The Center for Northeast Asian Studies, Tohoku University and the Slavic Research Center, Hokkaido University (NoA-SRC) organized an international seminar at Tohoku University, Sendai on 29 October. Almost 50 people attended the seminar which consisted of two sessions and a general discussion.
Akihiro Iwashita (Hokkaido University) chaired the first session titled “Migration and refugees in Northeast Asia”. The speakers included Naomi Chi (Hokkaido University), Mitsuhiro Mimura (The Economic Research Institute for Northeast Asia), Yuji Fukuhara (University of Shimane) and Serghei Golunov (Kyushu University). The three papers each focused on a specific location in Northeast Asia and analysed how migration affects issues of security.

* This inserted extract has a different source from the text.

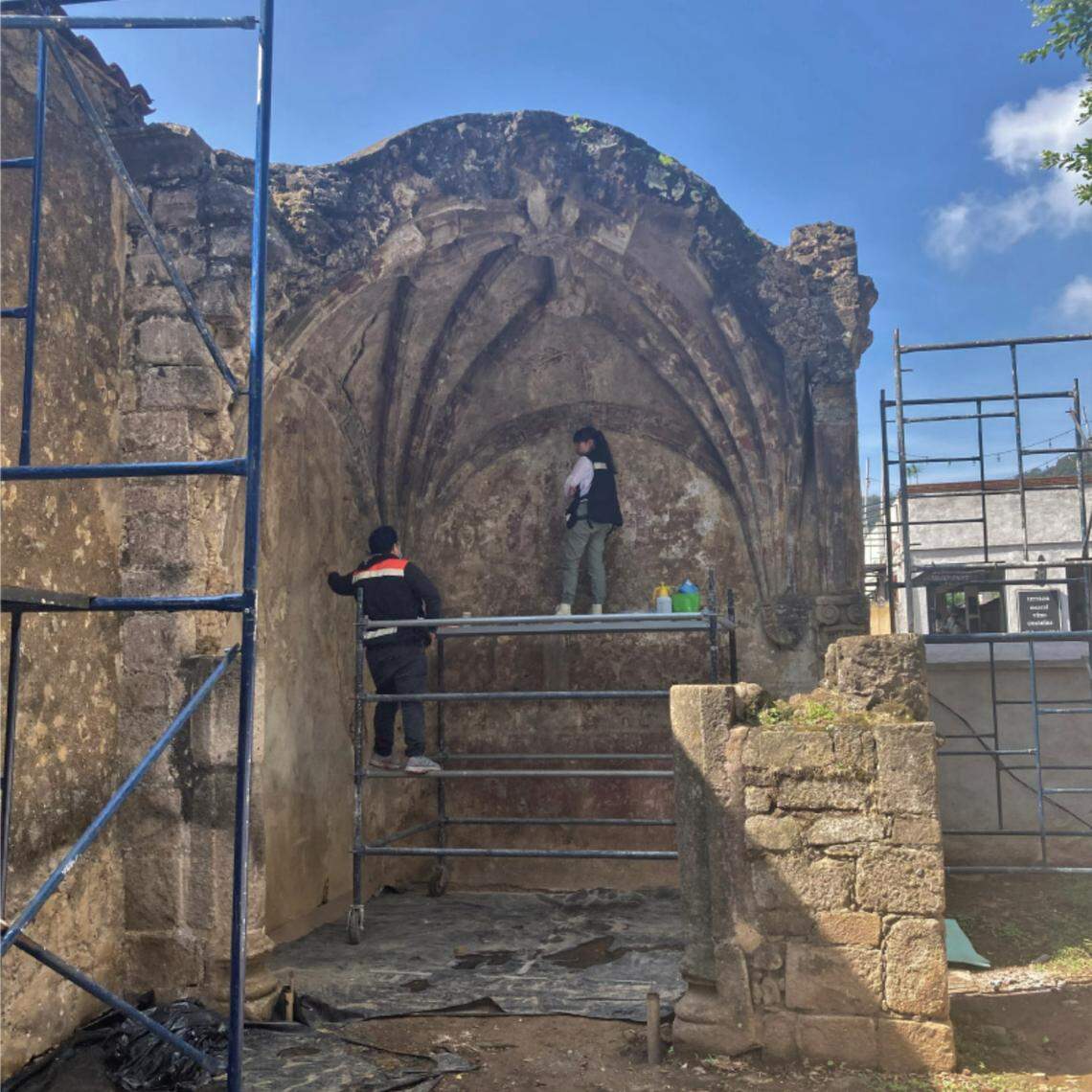 Archaeologists working to uncover the murals on the walls of the open-air chapels.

Professor Chi presented her findings from 10 years of fieldwork interviewing women from China, Korea, the Philippines and Vietnam. Professor Chi is interested in these women’s experiences of being ‘marriage migrants’ and ‘domestic and care workers’ in Japan and Korea. Her argument was that both societies could do more to protect these women’s human rights. Professors Mimura and Fukuhara did a joint-presentation that also relied heavily on interviews. This time, the voices the audience heard about were those of North Korean men working on building sites in Mongolia and these men’s employers. Professor Mimura contextualised the details of Professor Fukuhara’s detailed fieldwork by placing these workers’ experiences in the framework of Mongolian-North Korean relations. The paper revealed how these worker’s experiences are increasingly influenced by international politics – in particular, the pressure exerted by the United States for Mongolia to reduce its support for North Korea.

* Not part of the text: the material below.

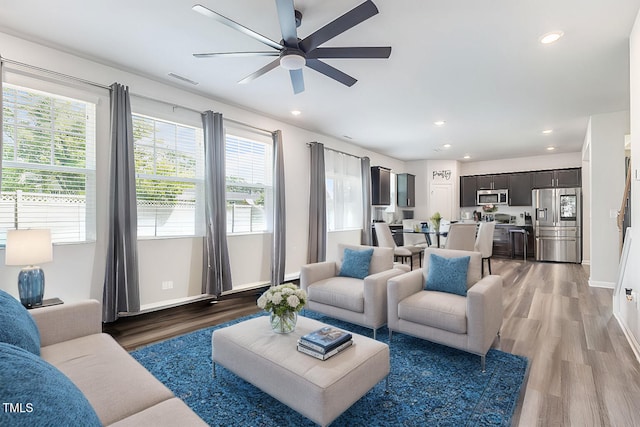 living room with dark hardwood / wood-style floors and ceiling fan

The third paper moved away from interviews in person to consider the words of Russian politicians and officials as reported by that country’s media. Professor Golunov identified how Russian perceptions of Chinese migrants exist between two poles that he called ‘alarmism’ and ‘utilitarianism’. Although some politicians have resorted to critical portrayals of Chinese migrants as a threat to the nation’s security, others have taken a pragmatic approach favouring encouraging such migration as a boon to the economy. He concluded with the insight that as China’s economy becomes stronger, migration for Chinese is becoming less attractive. Furthermore, migration to China for Russians is actually becoming more appealing, who are enticed by the higher wages. Professor Jong Seok Park (Kyushu University) as commentator provided several new points for the panellists and the audience. These included a discussion about the role of ‘agency’ in women’s migration decisions and a questioning of the terms used to describe North Korea.
Following lunch, Jusen Asuka (Tohoku University) chaired the second session on “Migration, refugees and the environment”. The first speaker was Nina Hall (Johns Hopkins School of Advanced International Studies, Bologna, Italy). She spoke about how international organisations such as the United Nations High Commissioner for Refugees (UNHCR) and the International Organization for Migration (IOM) have adapted their mandates to meet the challenges of migration caused by climate change. John Campbell (University of Waikato, New Zealand) followed Professor Hall. He introduced his research on the threat posed by climate change to people living in Kiribati. While not central to his presentation, Professor Campbell’s view that the United Kingdom as the former colonial power should do more to acknowledge its responsibilities to the Kiribati people caught the attention of the audience. Benoit Mayer (Chinese University of Hong Kong) gave the last presentation of the seminar. He argued that rather than discuss climate change as a discrete factor contributing to migration, academics and policy-makers should think about the ‘climate-migration nexus’. Using the example of international law, Professor Mayer examined how climate change was one of many causes of migration that are entangled and cannot be separated out. The session concluded with comments by Kentaro Ono (Honorary Consul of the Republic of Kiribati in Sendai). He made a plea for academics not to apply the label of ‘climate refugee’ to the people of Kiribati. Instead, he urged the panellists to think of new terms that emphasised ‘migration with dignity’.
Following the two sessions, the symposium finished with a general discussion. Mr Ono’s argument provided the starting point for a debate about how to counter ignorance in Japan about refugees. More specifically, an international student asked what policy-makers might do to assist people in a country such as Bangladesh where the state has limited resources. The panellists conceded that there are no simple solutions but warned against thinking only about migration as a security issue. As the title of the symposium stressed ‘security perspectives’, this reminder of the importance of a humanitarian approach to migration and refugees was welcome. Akihiro Iwashita gave the closing remarks in which he thanked the staff of Tohoku University for their hard work in organising such a successful symposium.